Chłopiec pokona króla
Kiedy potrafimy pięknie śpiewać, możemy zmienić świat na lepszy. Przekonuje o tym widowisko dla najmłodszych widzów oraz ich rodziców. W piątek w Teatrze Wielkim — Operze Narodowej premiera opery skomponowanej przez Martę Ptaszyńską
Po sukcesie Pana Marimby, który doczekał się 114 spektakli, Opera Narodowa zamówiła u Marty Ptaszyńskiej nowy utwór dla dzieci. Kompozytorka wybrała powieść Gianni Rodariego Gelsomino w krainie kłamczuchów i na jej podstawie opracowała libretto.
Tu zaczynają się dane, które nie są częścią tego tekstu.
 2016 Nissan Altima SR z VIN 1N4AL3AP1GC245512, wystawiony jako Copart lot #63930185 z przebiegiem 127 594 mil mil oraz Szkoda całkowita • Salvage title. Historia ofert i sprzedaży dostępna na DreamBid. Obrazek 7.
To opowieść o chłopcu obdarzonym niezwykłym głosem, który trafia do państwa złego króla Paletona. Tu prawo nakazuje wszystkim kłamać, a za prawdę grozi surowa kara. Chłopiec niszczy swoim śpiewem więzienie i pałac złego władcy, zwalcza tyranię i kładzie kres kłamstwu. Życie znowu staje się normalne.
Libretto oparte jest na prostym pomyśle, ale pozwala stworzyć dynamiczne widowisko — przekonuje Hanna Chojnacka, reżyserka Magicznego Doremika. — To przedstawienie może zainteresować nawet najmłodszych, bo żywa akcja i ciągle zmieniające się sytuacje sceniczne przypominają dziecięce filmy.
— Kiedy zaproponowano mi pracę nad Magicznym Doremikiem — opowiada autorka scenografii Barbara Kędzierska — zgodziłam się od razu. Tak mało jest w teatrach muzycznych przedstawień dla dzieci, że nie można było przegapić takiej okazji. Na dodatek ten utwór świetnie łączy baśniowość ze światem współczesnym, bliskim każdemu dziecku.
Marta Ptaszyńska znana jest z tego, że potrafi tak komponować, by muzyka pomagała słowu. - Ale podczas prób sami wykonawcy starali się, aby tekst zawsze był zrozumiały dla małych widzów — wyjaśnia dyrygent Iwona Sowińska, która czuwać będzie nad stroną muzyczną Magicznego Doremika. — Dla 12 muzyków dodatkową trudnością był fakt, że każdy z nich musi grać jak solista. Utwór Marty Ptaszyńskiej pełen jest melodyjnych piosenek, ale także wprowadza w świat muzyki współczesnej.
W Muzycznym Doremiku występują soliści Opery Narodowej, a także uczniowie szkoły baletowej oraz dziecięcy Chór Alla Polacca.